- **Task statement**: For the data that follows, print the line with "RRASHBULL, DURRES 🌿", the line with "10 Francs Turin Troisième République", and all lines between them, exactly as they stand. Omit pictures and add nothing.

- **Source information**:
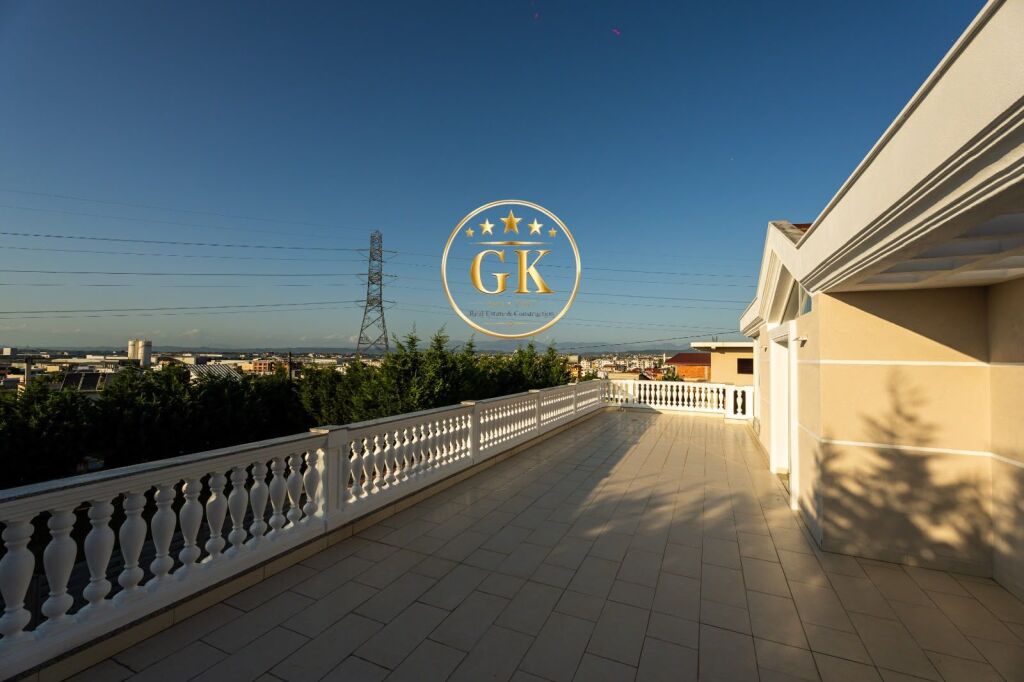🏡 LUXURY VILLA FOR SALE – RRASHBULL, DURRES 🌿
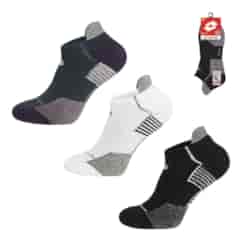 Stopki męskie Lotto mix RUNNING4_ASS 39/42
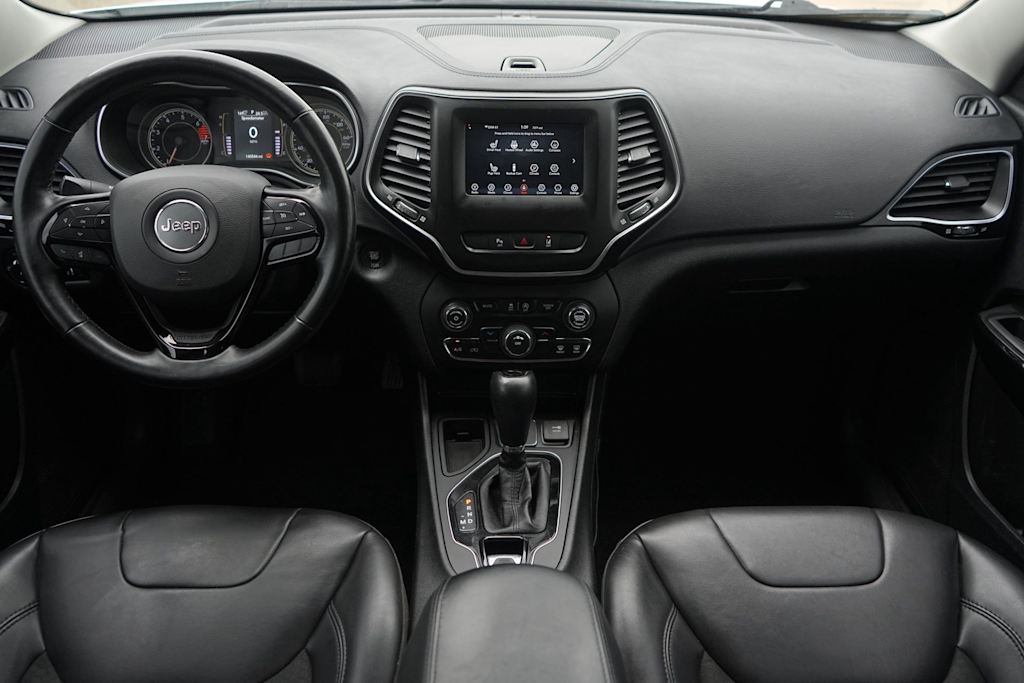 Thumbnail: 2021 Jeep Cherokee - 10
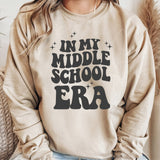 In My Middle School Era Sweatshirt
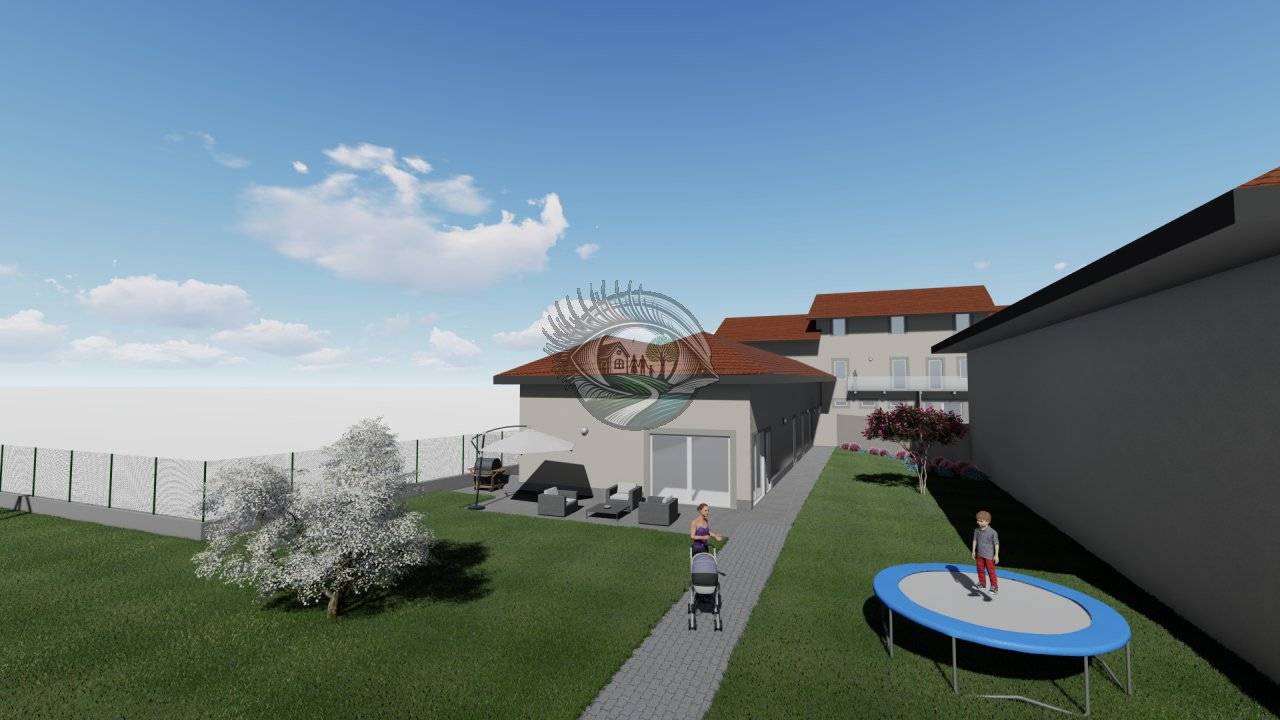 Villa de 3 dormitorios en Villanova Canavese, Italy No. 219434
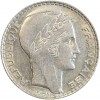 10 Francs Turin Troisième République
...
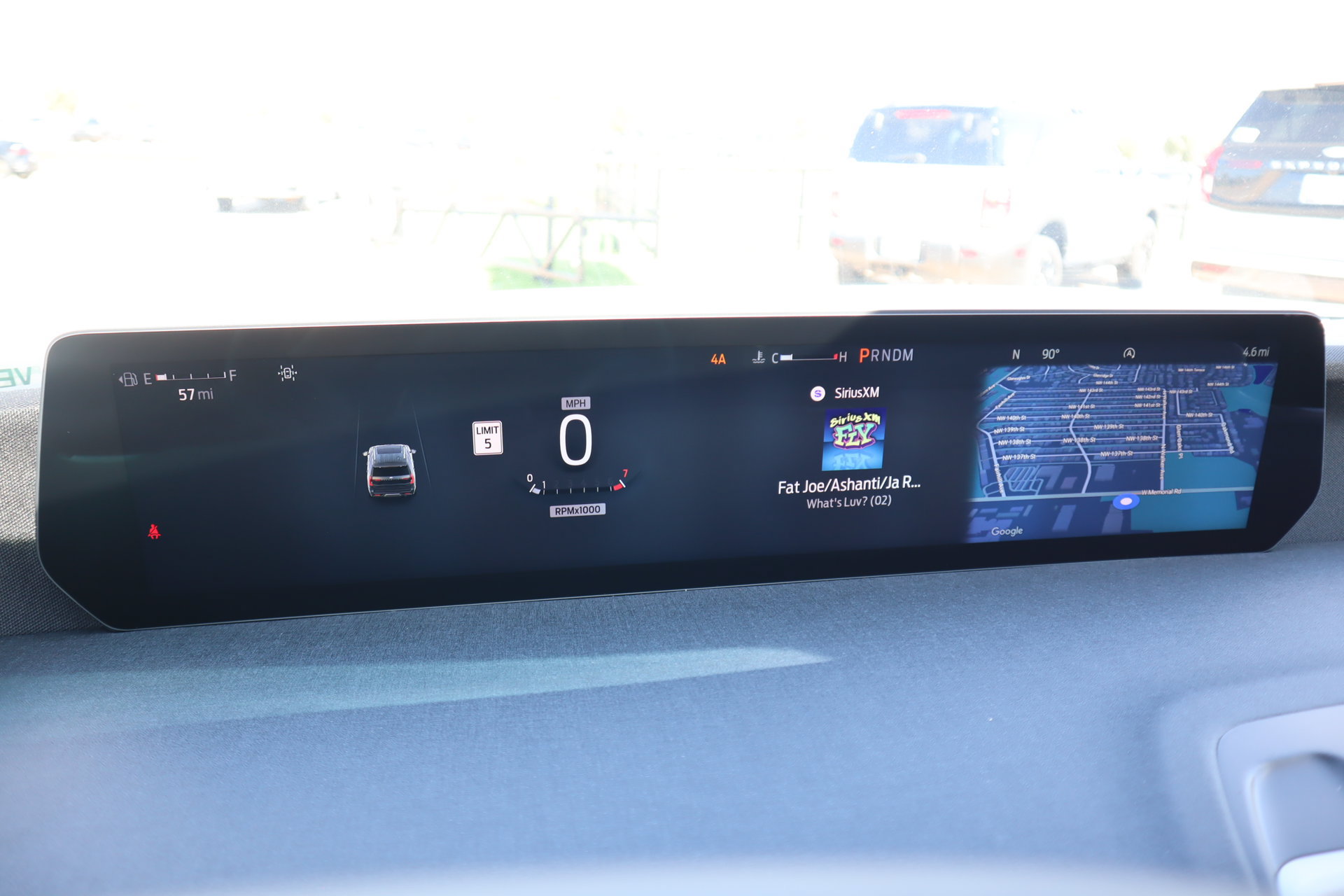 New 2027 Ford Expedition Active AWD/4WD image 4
* * *
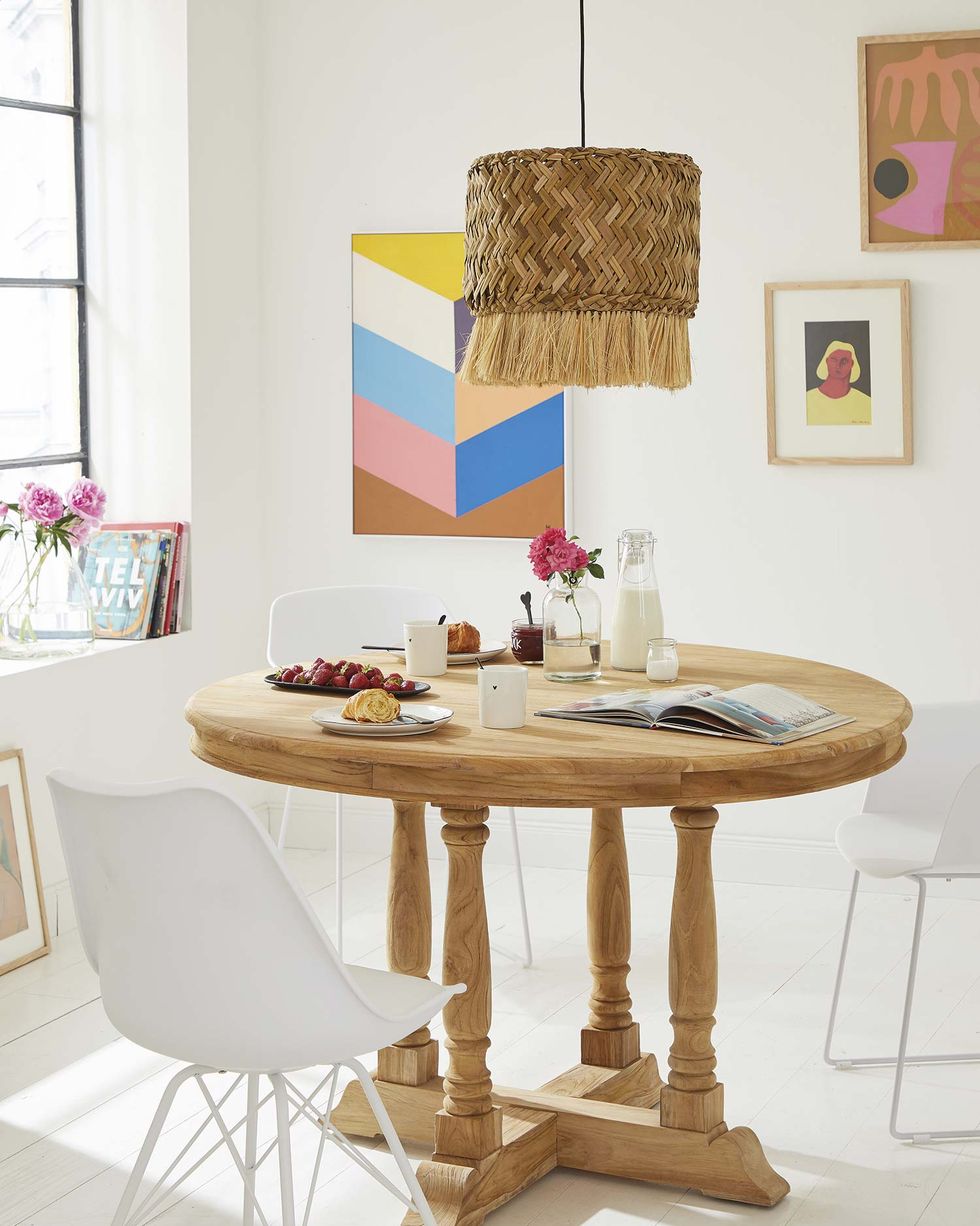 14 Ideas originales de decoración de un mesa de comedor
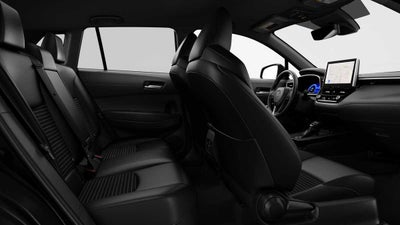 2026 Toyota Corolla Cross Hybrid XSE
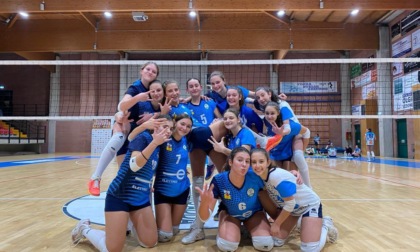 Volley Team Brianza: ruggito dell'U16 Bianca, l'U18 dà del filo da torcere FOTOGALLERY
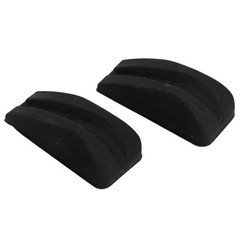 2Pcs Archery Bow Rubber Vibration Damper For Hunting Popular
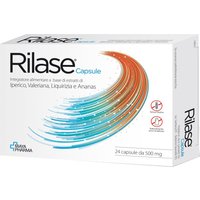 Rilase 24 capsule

- **Result of this exercise**:
🏡 LUXURY VILLA FOR SALE – RRASHBULL, DURRES 🌿
 Stopki męskie Lotto mix RUNNING4_ASS 39/42
 Thumbnail: 2021 Jeep Cherokee - 10
 In My Middle School Era Sweatshirt
 Villa de 3 dormitorios en Villanova Canavese, Italy No. 219434
 10 Francs Turin Troisième République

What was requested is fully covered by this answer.